Although hummus was made for centuries using simple stone tools to crush the chickpeas, the most common being a mortar and pestle, the modern world has intruded with convenience. Blenders and especially food processors do the job more quickly and easily, all as the maker adds olive, lemon and the other ingredients through a kind of spout on the top. Also, many companies now make hummus for sale in American supermarkets. The company dominating this market is called Sabra, selling more hummus than all other U.S. companies put together. Total sales of Sabra hummus are estimated at $1 billion per year.

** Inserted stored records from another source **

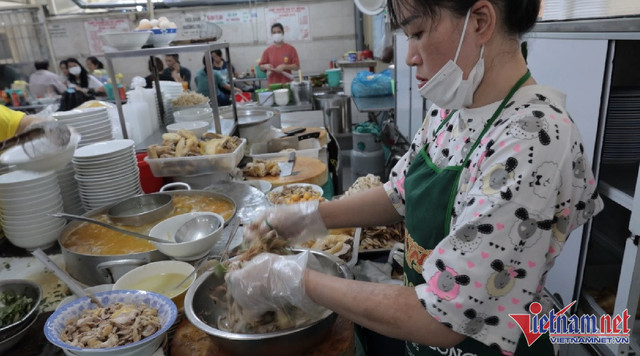 Bánh canh vỉa hè thu 700 triệu/tháng, quán miến bán 500 con gà/ngày - Hình 2 Banh canh via he thu 700 trieu/thang, quan mien ban 500 con ga/ngay-Hinh-2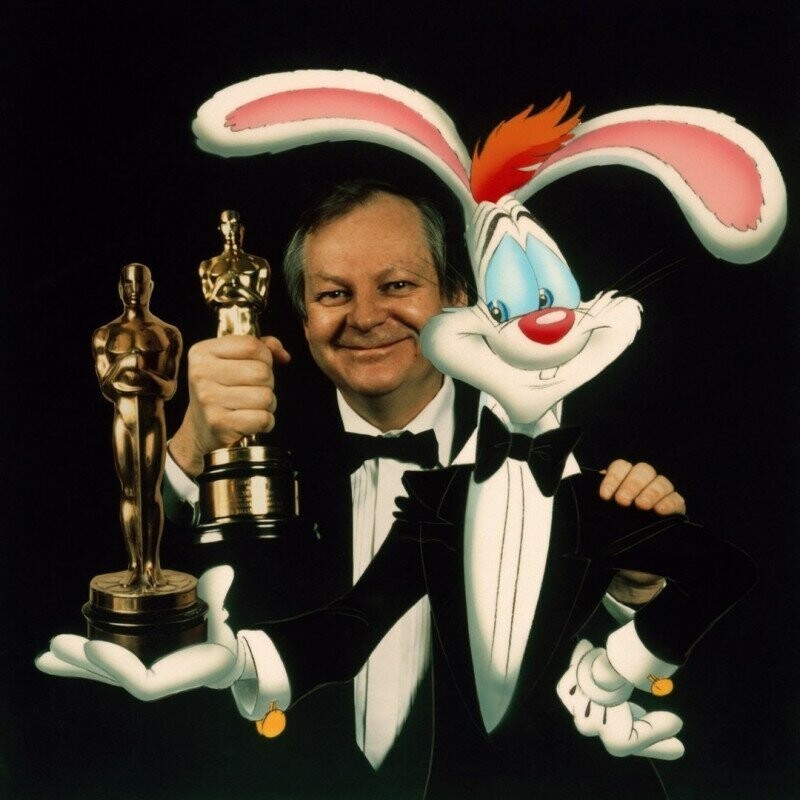 Режиссер Ричард Уильямс вместе с актером главной роли на церемонии вручения «Оскара» за фильм: «Кто подставил кролика Роджера», 1989 г.
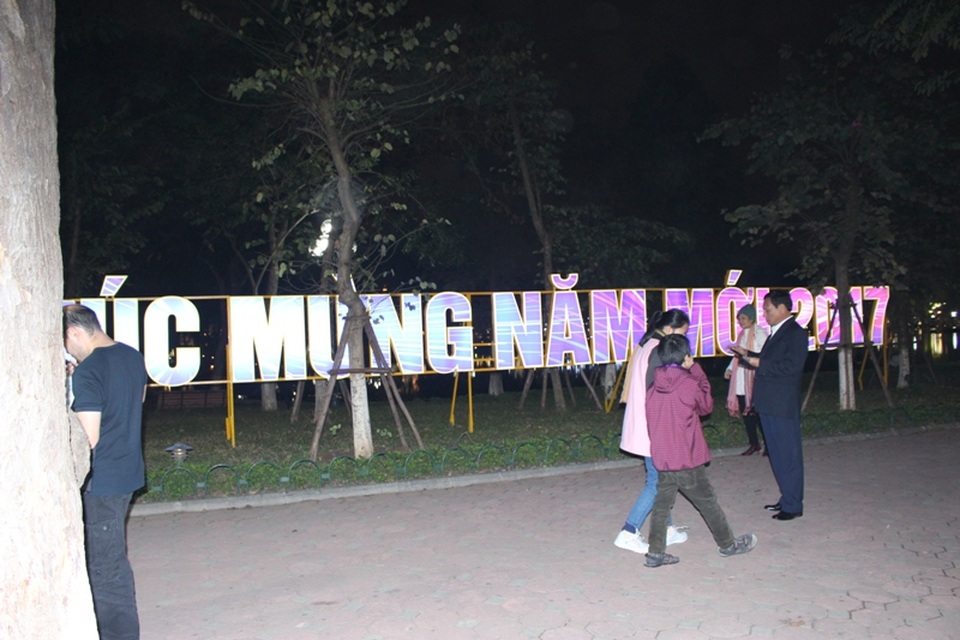 
Tuy không được trang trí lộng lẫy như mọi năm, nhưng khu vực Bờ Hồ vẫn rất thu hút người dân Hà Nội. Nhiều người đến chụp ảnh cố gắng lấy trọn dòng chữ “Chúc mừng năm mới”, lưu giữ lại những khoảnh khắc ngày cuối năm.
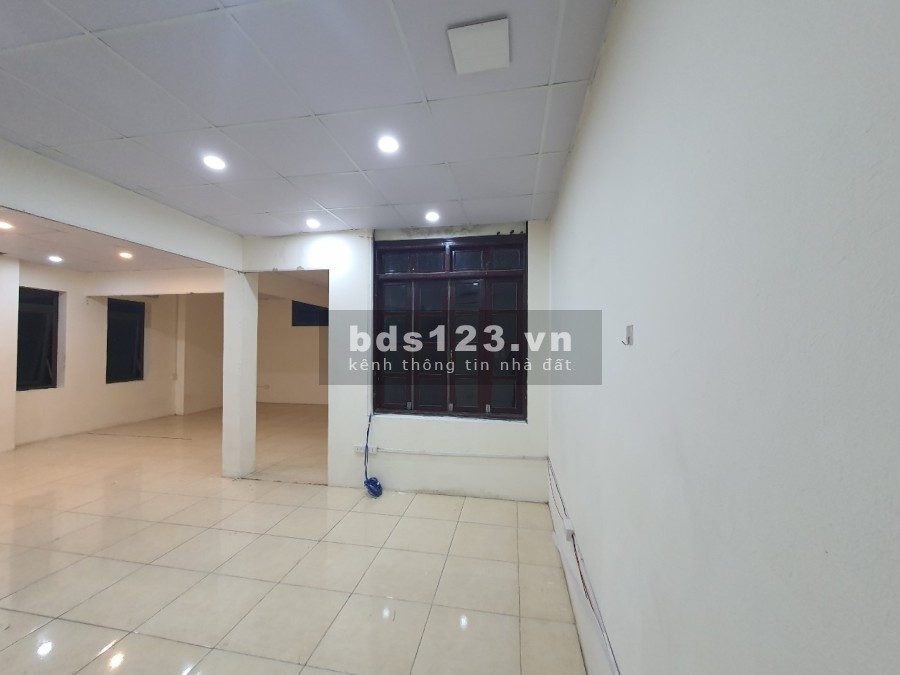 Cho thuê mặt bằng tầng 2 của biệt thự làm văn phòng, giá cho thuê 10 triệu/tháng, lh 0925388589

Chefs in Israel and Lebanon have spent years competing over who can prepare the largest batch of hummus, as validated by the Guinness Book of World Records. The title has gone back and forth. One winning batch, made by three-hundred Lebanese chefs in a village near Beirut, weighed more than twenty-three thousand pounds.

RECIPE: HOMEMADE HUMMUS

Some true hummus purists insist on buying dried chickpeas (in a bag on the grocery6 shelf, like kidney beans or lentils) then soak them in water and boil them until they are tender. Many of us find we end up with the same product buying cooked chickpeas in a can. Cooking chickpeas requires no skill, but it takes hours.

Ingredients:

4 cloves garlic           

2 cups canned chickpeas, drained with 1 cup liquid reserved

1-2 teaspoons salt

1/3 cup tahini paste

¼ cup lemon juice

¼ extra-virgin olive oil, plus additional

2 tablespoons water from chickpeas

1 tablespoon minced dried parsley

Paprika for garnish

Pita or pita chips for scooping

In a food processor, minced the garlic cloves, then add the remaining ingredients except paprika and pita. Add additional chickpea water (or olive oil) to make the hummus creamier. Add more salt if desired. Transfer to a serving bowl, pour a pool of olive oil in the center and sprinkle with paprika. Serve with pita or pita chips. Makes about 2 ¾ cups of hummus.